燃料电池的核心是膜电极(MEA),而膜电极的基础是气体扩散层(GDL)。气体扩散层承担着反应物和产物的运输、电子的传导和支撑催化层的作用,气体扩散层的结构设计关系着整个燃料电池系统的性能优劣。而目前传统的气体扩散层都采用碳材料作基底,像碳纸、碳布这类由碳纤维石墨化制作而成。由于这类碳材料基底的制作工艺复杂、技术要求高,使得碳纸、碳布价格高昂,这进一步增加了燃料电池的成本,而要想大规模商业化发展直接醇类燃料电池,降低成本是关键。
同时,在传统碳纸电极制备工艺中,需要先对碳纸进行憎水化处理,再在碳纸上制备一层微孔层,最后制备催化层。这使得电极制作周期长、制作工艺复杂,加大了大规模产业化制备电极的难度。因此,寻求一种简单、高效的电极制备工艺是推动燃料电池产业发展的关键。
发明内容
针对现有技术中存在的上述问题,本发明提供一种直接醇类燃料电池气体扩散电极及其制备方法和直接醇类燃料电池,该扩散电极可有效解决现有的电极存在的成本高、功率密度低的问题。
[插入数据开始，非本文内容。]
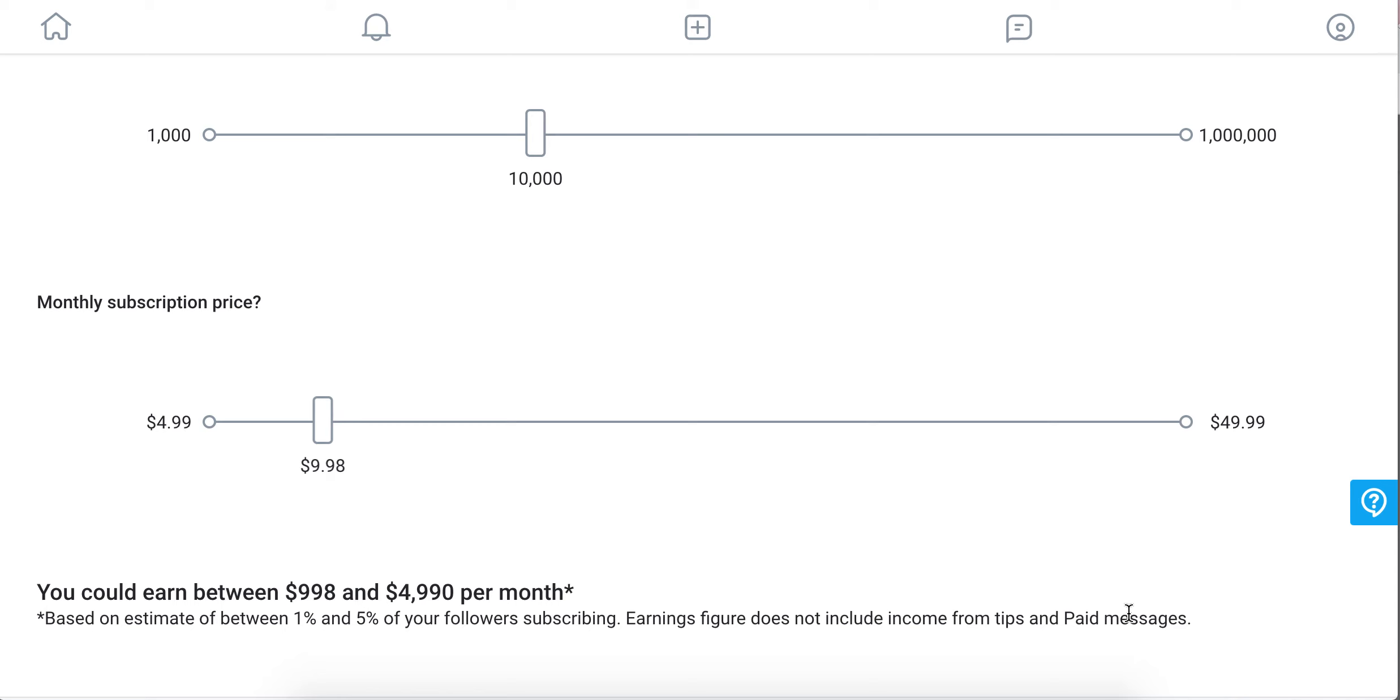Tips and paid messages can be a huge amount of revenue just by themselves.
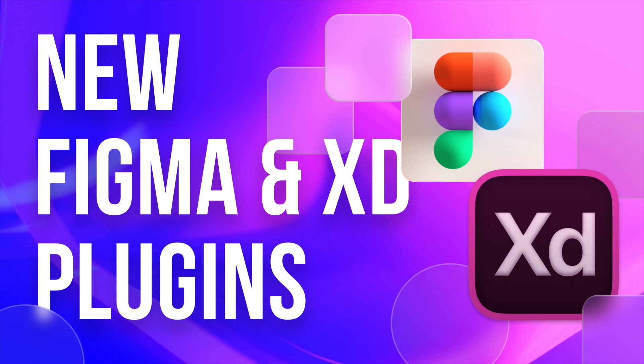Hey everyone, welcome back to another amazing video. Today we're checking out some amazing Figma and Adobe XD plugins, which will absolutely upgrade your designs and your workflow. I'll be dividing this video into two parts, one for Figma users, the second for Adobe XD users. I'll have timestamps in the description, so you can always skip to your favorite portion.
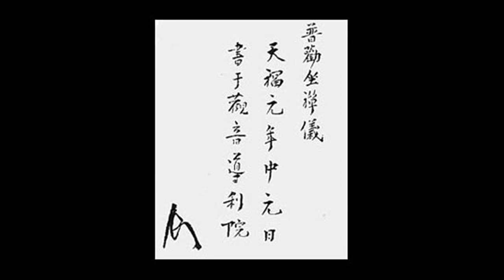For practicing Zen, a quiet room is suitable. Eat and drink moderately. Put aside all involvements and suspend all affairs. Do not think in terms of good or bad. Do not judge true or false.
为实现上述目的,本发明解决其技术问题所采用的技术方案是:
一种直接醇类燃料电池气体扩散电极的制备方法,包括以下步骤:
(1)将厚度为0.2-0.4mm、孔隙率为90-120ppi的泡沫金属置于有机溶液中浸泡10-60min,取出,再将其置于强酸溶液中浸泡1-30min,取出用去离子水冲洗干净;
(2)将催化剂粉末、高分子粘结剂和有机溶剂混匀,制成催化剂浆料;
(3)将步骤(2)中制得的浆料沉积到步骤(1)中经浸泡处理后的泡沫金属上,在泡沫金属表面形成催化层,然后于60-80℃条件下干燥1-12h,制得。
进一步地,步骤(1)中所述泡沫金属的厚度为0.3mm,孔隙率为110ppi。
进一步地,步骤(1)中所述泡沫金属为泡沫镍、泡沫镍铬、泡沫铜、泡沫银、泡沫钛或泡沫钨。
进一步地,步骤(1)中所述有机溶剂为丙酮或乙醇,所述强酸为盐酸或硫酸。
进一步地,步骤(2)中所述催化剂粉末为Pt-Ru/C混合粉末、Pt-Ru/CNT混合粉末或Pd/C混合粉末,其中,所述催化剂粉末中Pt-Ru重量占混合粉末总重量的5-60%,所述Pd重量占混合粉末总重量的15%-20%;所述高分子粘结剂分散液为Nafion溶液;所述有机溶剂为异丙醇、乙醇或甘油。
进一步地,步骤(3)中所述催化剂浆料通过喷涂或刮涂的方式沉积到泡沫金属上。
进一步地,步骤(3)中制得的泡沫金属上Pt-Ru的载量为1.0-3.0mg/cm2,催化层上粘结剂占催化层质量的5-50%。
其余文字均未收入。